Description of the task: Copy out the records in full, word for word, without pictures.

(Items from a data source)
# # # # # # #
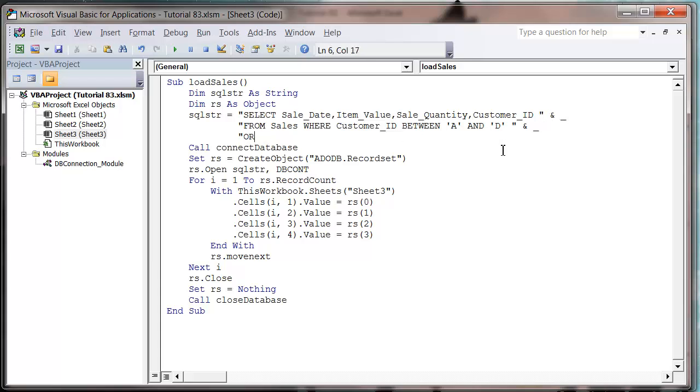And then we're going to put in ORDER BY and then we're going to put in the field that we want to order by. So I want to order by sale_date.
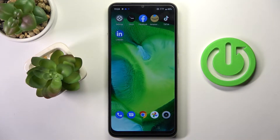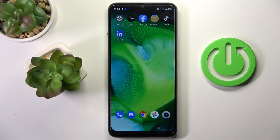Hi guys, in front of me is Nerazzle 50A Prime and let me show you how to activate developer options on this device.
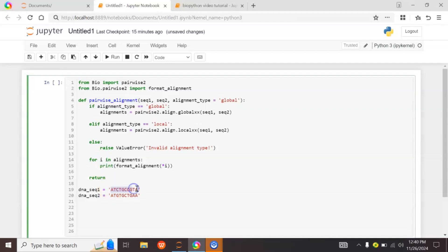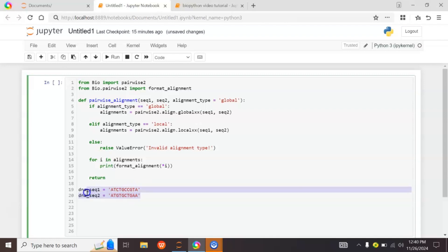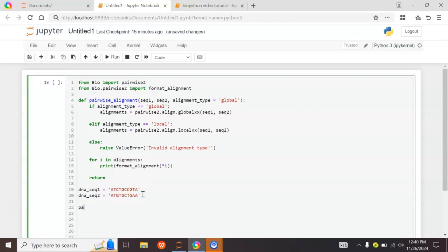You can provide a sequence of any length — 100, 200, or more. I'm giving a small example just to explain how this works. Then we call the function: pairwise_alignment(dna_seq1, dna_seq2, alignment_type='local').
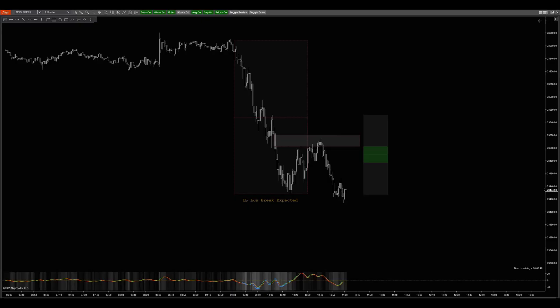With that said, let's get into it. This video is going to be on the IB breaks stats. I recently did a video on the noon curve and Asian sessions, so this is the third trend continuation stat, and that's IB breaks. This one is going to be specifically on that topic. If you're not familiar with IB breaks, go to nqstats.com to learn more about it.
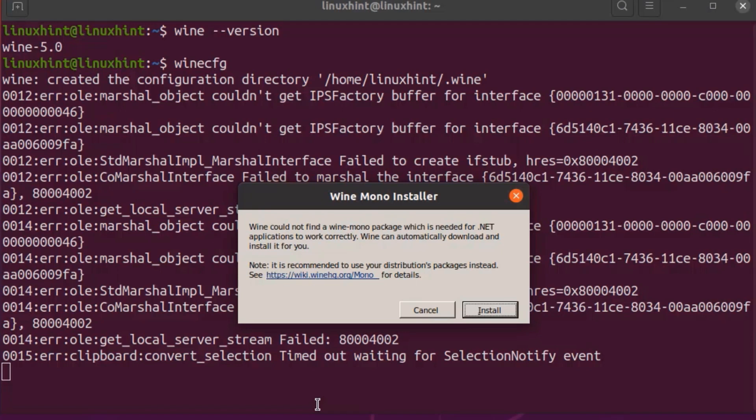Wine will install some Mono packages during the configuration. In order to install the Mono packages on your system, click on the Install button.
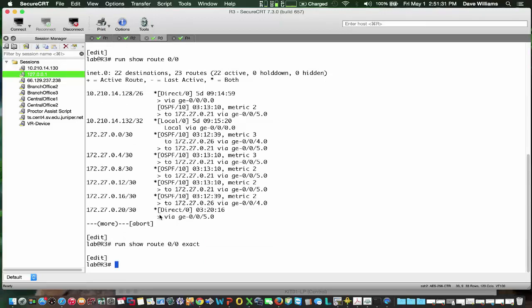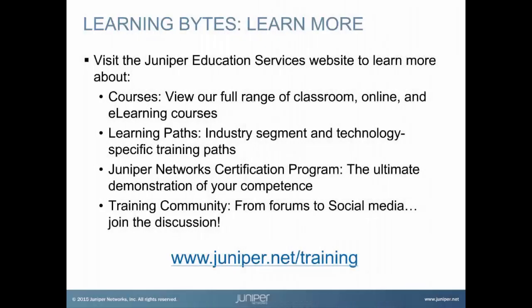So what we demonstrated is that we generated a route from the R2 VR, which is connected to ISP2, based on upstream connectivity to that ISP. We base that on receiving BGP routes from ISP2. If we receive the BGP routes from ISP2, our OSPF routers see the default. If we lose upstream connectivity to the ISP, then the default route gets suppressed. Visit the Juniper Education Services website to learn more about courses — classroom, online, and e-learning courses; learning paths; industry segment and technology-specific training paths; the Juniper Networks Certification Program, the ultimate demonstration of your competence; and the training community, from forums to social media.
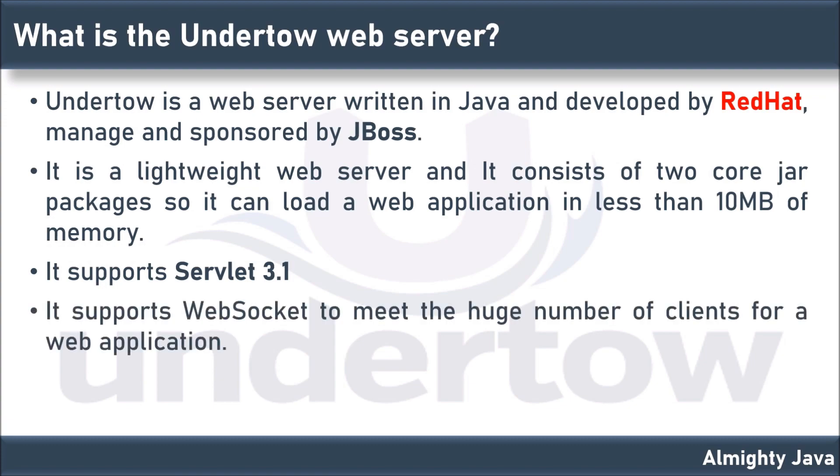It supports WebSocket to meet the huge number of clients for a web application. WebSocket is a computer communication protocol which means WebSockets provide persistent connections between a client and server that both parties can use to start sending data at any time.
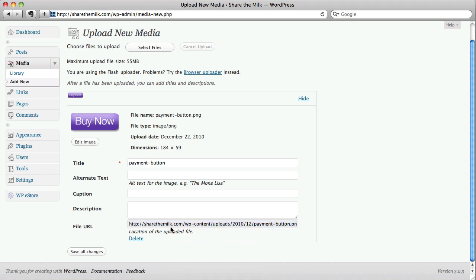If you have a look, the way files get saved is they get saved into the WP-Content folder in an Uploads folder, which is normally arranged by date.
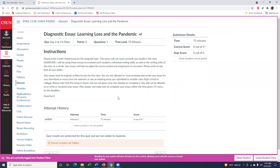That pretty much covers this video lecture. You do want to take your time before you begin writing and prep as much as possible. You can read the article more than once and review this video lecture again, and once you feel ready to write, go ahead and get started. Best of luck to everyone with your diagnostic essay, and if you have any questions, feel free to reach out.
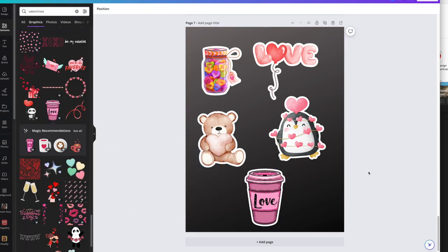Alright guys, I hope this was nice and easy. That's how you make an outline of your stickers, and it's up to you how you get them printed and cut into stickers. Thanks for watching, have a blessed day.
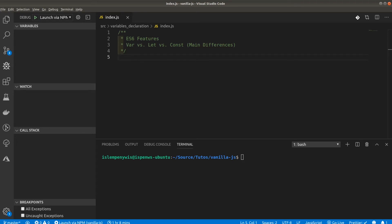What's up guys, welcome to a brand new video tutorial from iPodewest. Today we've got an exciting video tutorial talking about ES6 features — ECMAScript 2015. We're going to be taking a look at the main differences between the var, let, and const keywords.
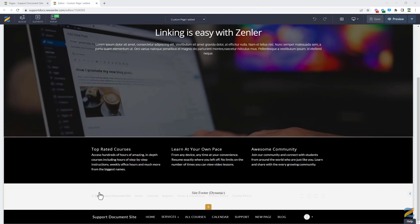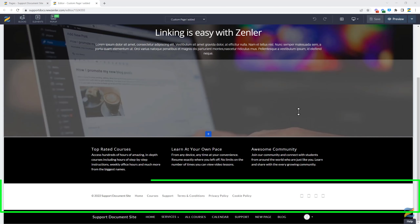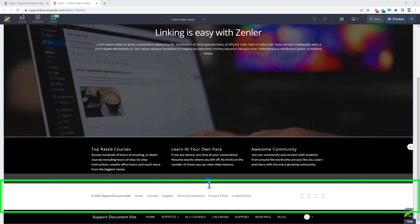The footer menu is a handy place to put things like your social media or additional links, and it can be changed exactly the same way that we changed the header menu.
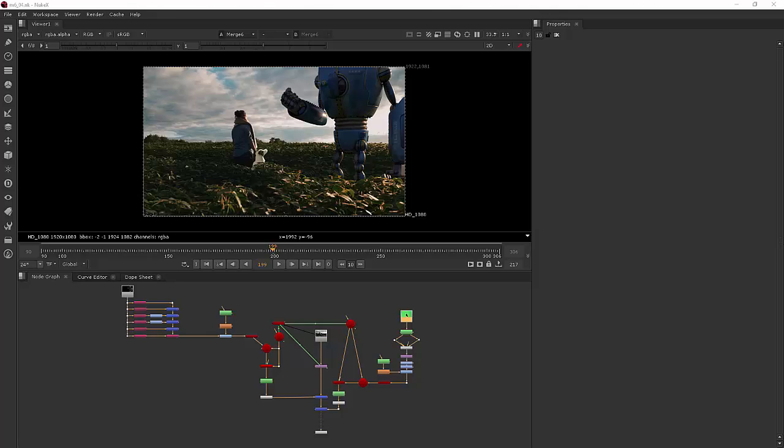In this lesson we're going to be learning how to import 3D text into Nuke and manipulate it using shaders and other 3D techniques and nodes.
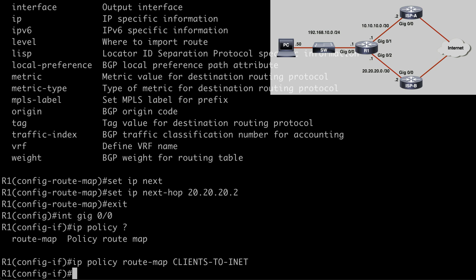Our route map is referencing access control list 100, which is identifying our client subnet traffic. And then our policy-based routing is going to use this on the gig 0/0 interface to influence the traffic.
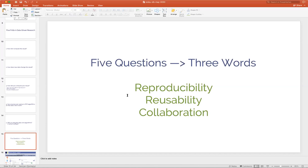These five questions boil down to just a few words for us — these are the driving principles behind what we're trying to develop with Renku. That's the focus on reproducibility, on the reusability of research artifacts, and on collaboration.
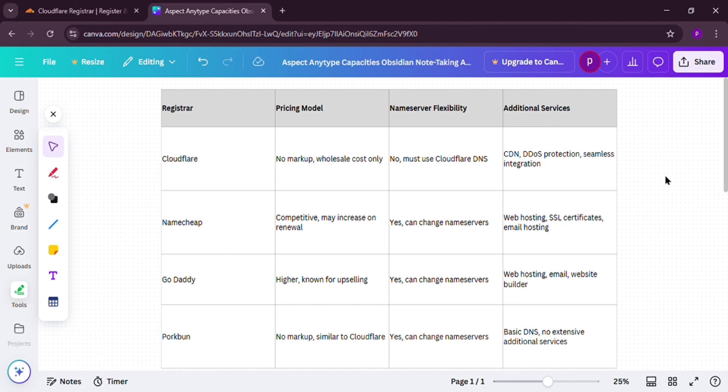Cloudflare's deal shines if you're okay with their ecosystem. But what are its pros? It's super affordable, transparent pricing, and strong security. Cons? That name server lock-in. If you're already using Cloudflare's tools like CDN, it's a no-brainer. Otherwise, you might want more freedom.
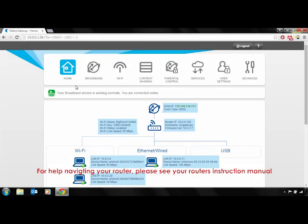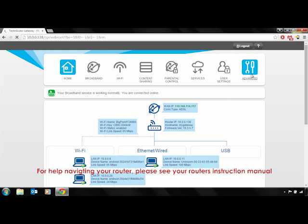You will now need to set up port forwarding on your router. Setting up port forwarding on routers varies greatly. For help setting up port forwarding on your router, contact your router manufacturer.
# # # # # # #
Response for this exercise:
And then we're going to put in ORDER BY and then we're going to put in the field that we want to order by. So I want to order by sale_date.
Hi guys, in front of me is Nerazzle 50A Prime and let me show you how to activate developer options on this device.
You can provide a sequence of any length — 100, 200, or more. I'm giving a small example just to explain how this works. Then we call the function: pairwise_alignment(dna_seq1, dna_seq2, alignment_type='local').
With that said, let's get into it. This video is going to be on the IB breaks stats. I recently did a video on the noon curve and Asian sessions, so this is the third trend continuation stat, and that's IB breaks. This one is going to be specifically on that topic. If you're not familiar with IB breaks, go to nqstats.com to learn more about it.
Wine will install some Mono packages during the configuration. In order to install the Mono packages on your system, click on the Install button.
So what we demonstrated is that we generated a route from the R2 VR, which is connected to ISP2, based on upstream connectivity to that ISP. We base that on receiving BGP routes from ISP2. If we receive the BGP routes from ISP2, our OSPF routers see the default. If we lose upstream connectivity to the ISP, then the default route gets suppressed. Visit the Juniper Education Services website to learn more about courses — classroom, online, and e-learning courses; learning paths; industry segment and technology-specific training paths; the Juniper Networks Certification Program, the ultimate demonstration of your competence; and the training community, from forums to social media.
It supports WebSocket to meet the huge number of clients for a web application. WebSocket is a computer communication protocol which means WebSockets provide persistent connections between a client and server that both parties can use to start sending data at any time.
If you have a look, the way files get saved is they get saved into the WP-Content folder in an Uploads folder, which is normally arranged by date.
That pretty much covers this video lecture. You do want to take your time before you begin writing and prep as much as possible. You can read the article more than once and review this video lecture again, and once you feel ready to write, go ahead and get started. Best of luck to everyone with your diagnostic essay, and if you have any questions, feel free to reach out.
Alright guys, I hope this was nice and easy. That's how you make an outline of your stickers, and it's up to you how you get them printed and cut into stickers. Thanks for watching, have a blessed day.
What's up guys, welcome to a brand new video tutorial from iPodewest. Today we've got an exciting video tutorial talking about ES6 features — ECMAScript 2015. We're going to be taking a look at the main differences between the var, let, and const keywords.
The footer menu is a handy place to put things like your social media or additional links, and it can be changed exactly the same way that we changed the header menu.
In this lesson we're going to be learning how to import 3D text into Nuke and manipulate it using shaders and other 3D techniques and nodes.
Our route map is referencing access control list 100, which is identifying our client subnet traffic. And then our policy-based routing is going to use this on the gig 0/0 interface to influence the traffic.
These five questions boil down to just a few words for us — these are the driving principles behind what we're trying to develop with Renku. That's the focus on reproducibility, on the reusability of research artifacts, and on collaboration.
Cloudflare's deal shines if you're okay with their ecosystem. But what are its pros? It's super affordable, transparent pricing, and strong security. Cons? That name server lock-in. If you're already using Cloudflare's tools like CDN, it's a no-brainer. Otherwise, you might want more freedom.
You will now need to set up port forwarding on your router. Setting up port forwarding on routers varies greatly. For help setting up port forwarding on your router, contact your router manufacturer.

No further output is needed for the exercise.